PROBLEM TO SOLVE:
Restate the data below word for word. Skip any images it contains.

━━━ SOURCE MATERIAL ━━━

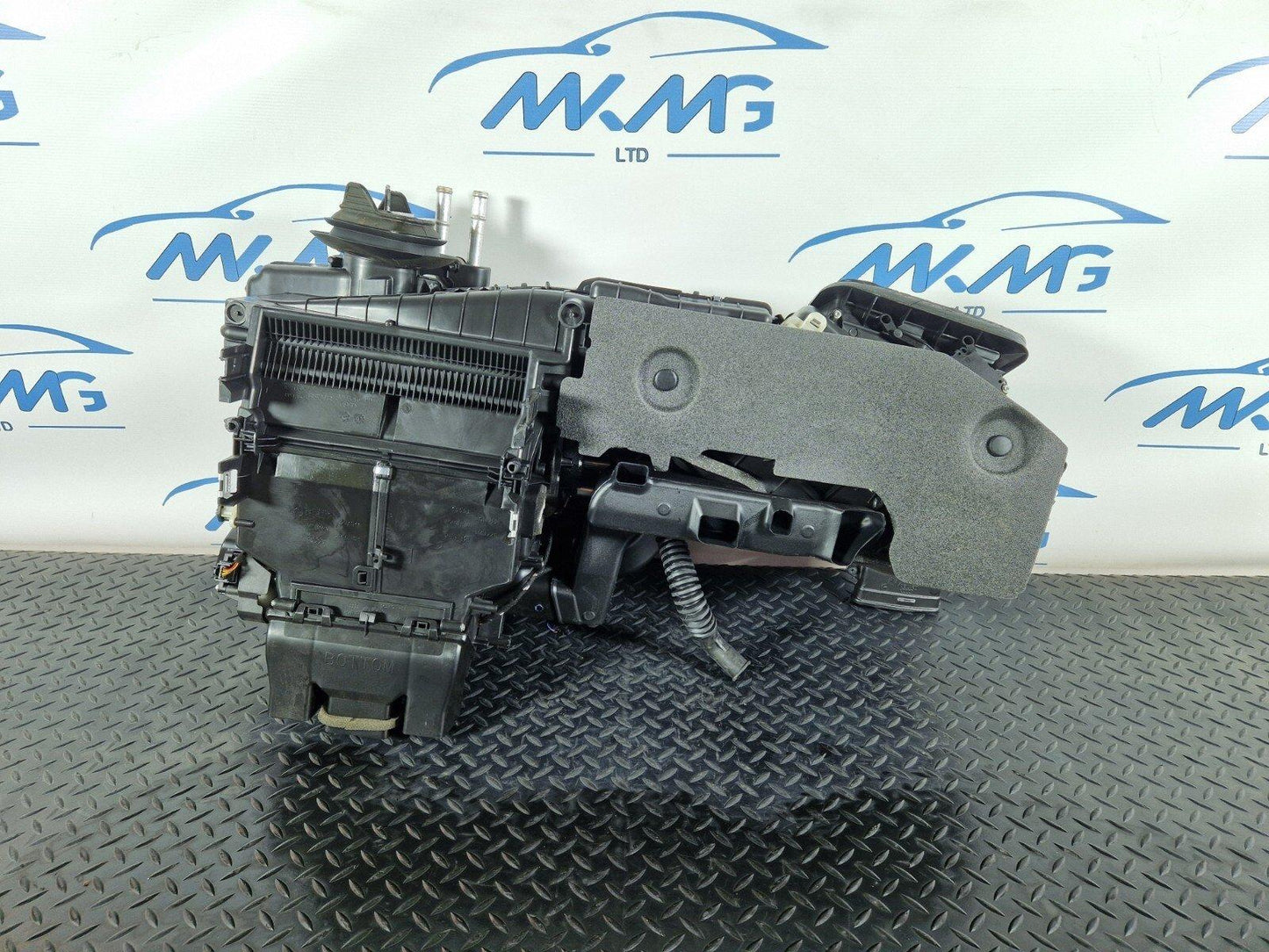 16-24 AUDI A5 F5 COUPE GENUINE HEATER MATRIX COMPLETE BOX 8W2816005L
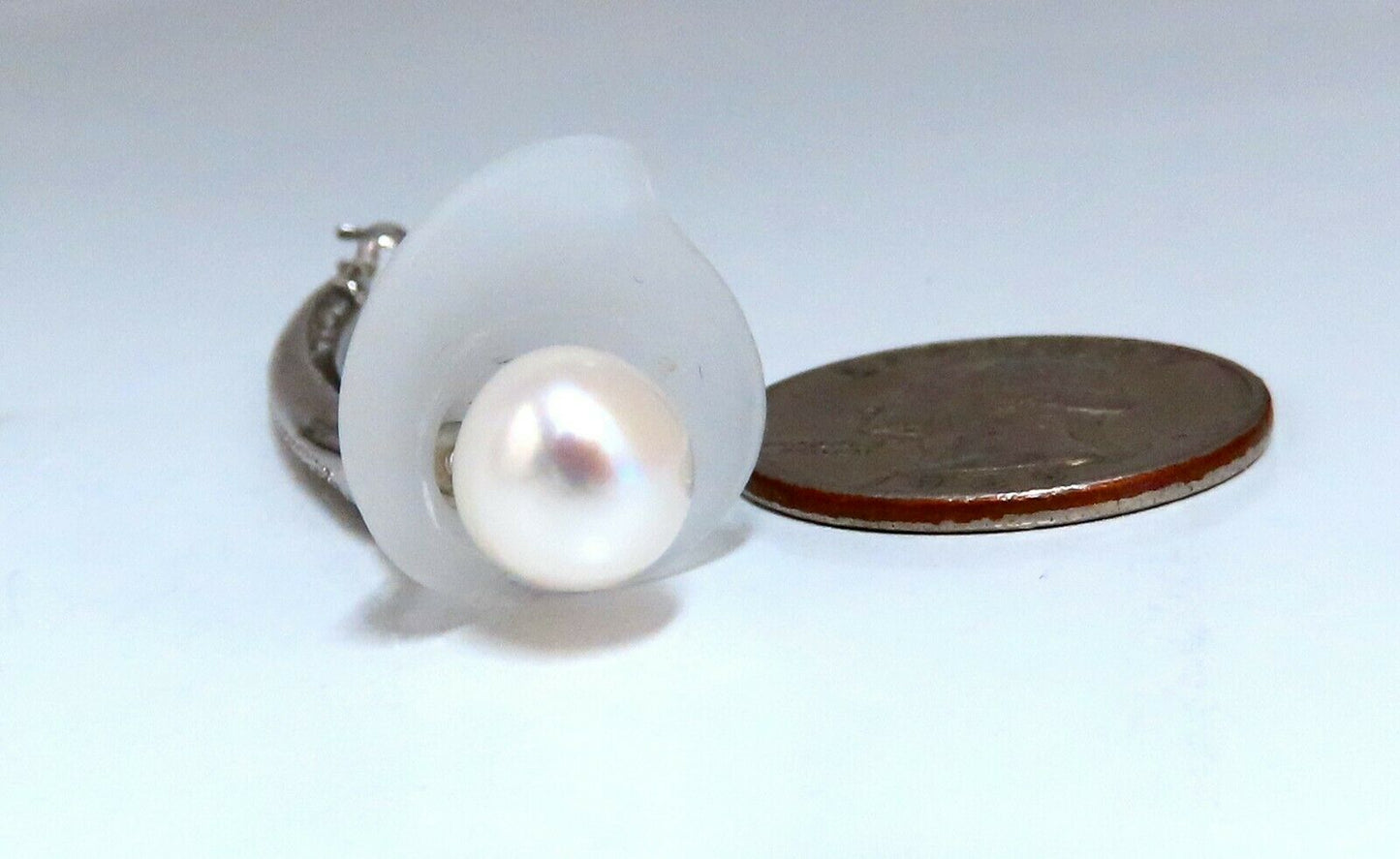 Baroque Pearl Diamonds Pin 18 Karat
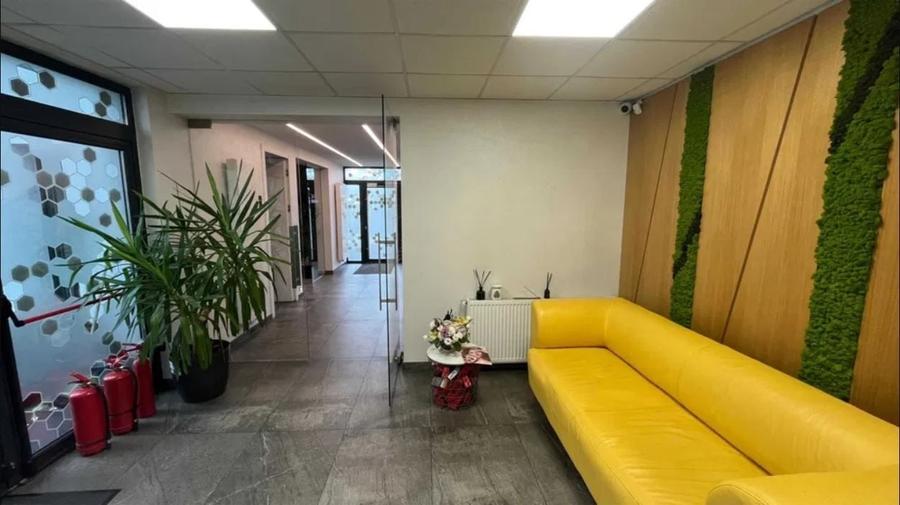 Imobil de vânzare – Pretabil pentru clinică medicală - 2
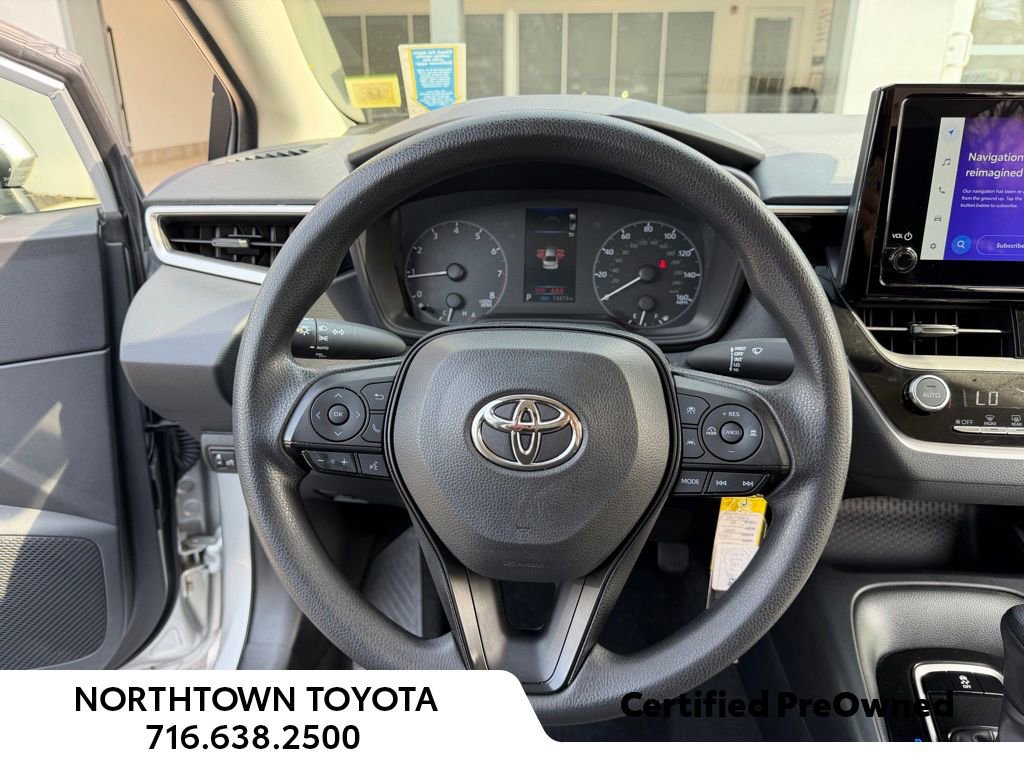 Used 2023 Toyota Corolla LE image 7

━━━

RESPONSE AREA:
 16-24 AUDI A5 F5 COUPE GENUINE HEATER MATRIX COMPLETE BOX 8W2816005L
 Baroque Pearl Diamonds Pin 18 Karat
 Imobil de vânzare – Pretabil pentru clinică medicală - 2
 Used 2023 Toyota Corolla LE image 7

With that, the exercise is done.